Stingy Federal Fishing Quotas Propel Suit From NY

David Goethel sorts cod and haddock on April 23, 2016, while fishing aboard his trawler off the coast of New Hampshire. (AP Photo/Robert F. Bukaty)

MANHATTAN (CN) – It’s no fluke — New York wants more fish.

A federal complaint the state filed Thursday against various government entities says federal fishing quotas are based on outdated data.

“New York’s quota … [is] unfair to fishermen and other market participants (such as pack houses and other downstream businesses) in New York by skewing fishing privileges to fishermen and other market participants in North Carolina and Virginia, contrary to the geographic distribution of the fishery, and without any rational conservation basis,” the complaint states, taking aim at the National Marine Fisheries Services and two parent agencies, the National Oceanic and Atmospheric Administration and the U.S. Department of Commerce.

A representative for the Fisheries Service declined to comment, citing a policy on litigation matters.
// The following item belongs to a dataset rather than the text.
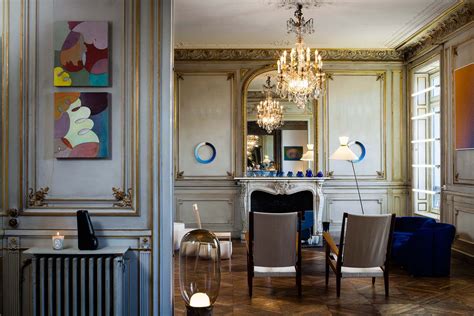Discover Art And Design In A Historic Parisian Apartment With Images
The NOAA had referred an inquiry to the agency, and the Department of Commerce has not returned a request for comment.

New York notes in its suit that the state is slated to take 880,000 of 11.53 million total pounds of flounder in 2020 per the federal catch limits. This is just 7.6% of the total, despite New York being the center of the biomass of summer flounder, according to the complaint. The state sued over the 2019 catch limits in January.

Flounder is a popular menu item, and New York notes that the fish now grow mature in northern waters, such as those off the coast of New York, due to its migratory patterns and life cycle, as well as the warming climate.
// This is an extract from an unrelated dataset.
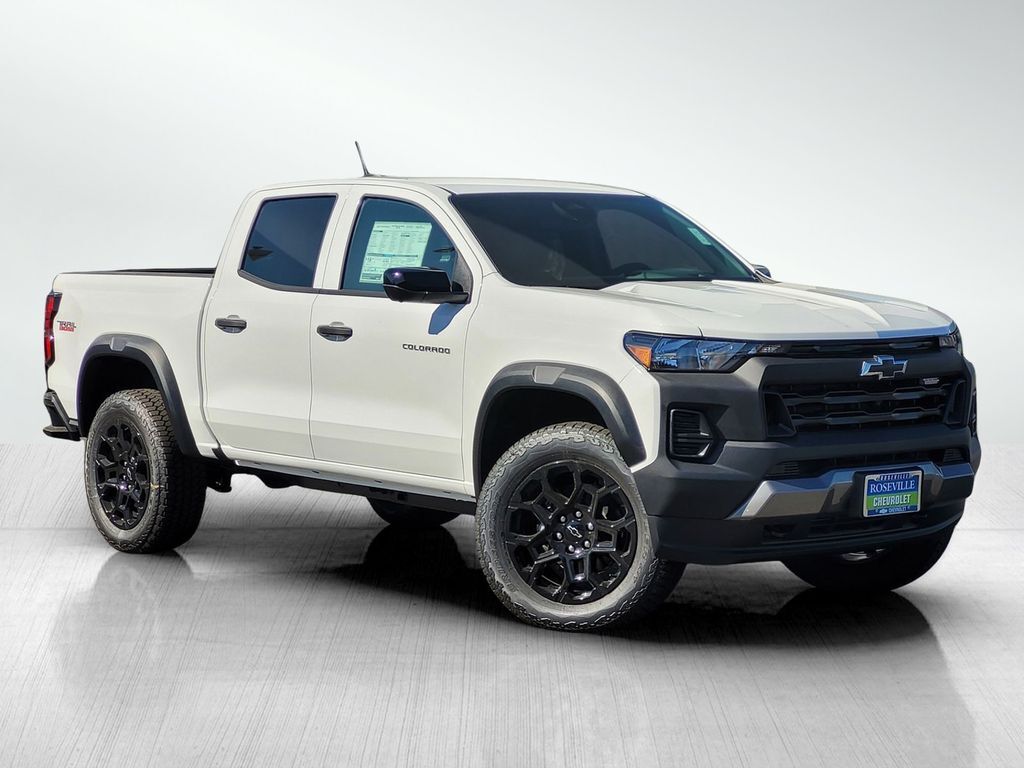 2026 Chevrolet Colorado Trail Boss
That makes it a valuable resource here, but Governor Andrew Cuomo and Attorney General Letitia James say New York fisherman are hampered by decades-old data that set quotas or the amount of fish each state can catch.

In their lawsuit, the officials complain about the inefficiency and wastefulness of the standards, which they say force fishermen to travel long distances to catch fish across state lines down the coast and then haul them back either by boat or by truck for sale in New York fish markets. Or they have to buy other state fishing licenses, the suit says.

“To eke out a living, some New York boats have had to purchase North Carolina or Virginia licenses, catch summer flounder off Long Island, then sail hundreds of miles south to land their catch,” the complaint states. 

In the Bronx, home to one of New York’s most prolific fish markets, one seller mentioned in the complaint estimated that only 5% of the fish there was actually caught in New York.

James says blame for the predicament lies with self-interested state voters in the Mid-Atlantic Fishery Management Council, which includes representatives from Virginia and North Carolina.

Unlike the January suit that was filed in in Brooklyn, Thursday’s suit was filed in New York’s Southern District. That case was closed in July, with a right to reopen before April 2020.

As with the last suit, the plaintiffs today include the New York State Department of Environmental Conservation and its commissioner, Basil Seggos.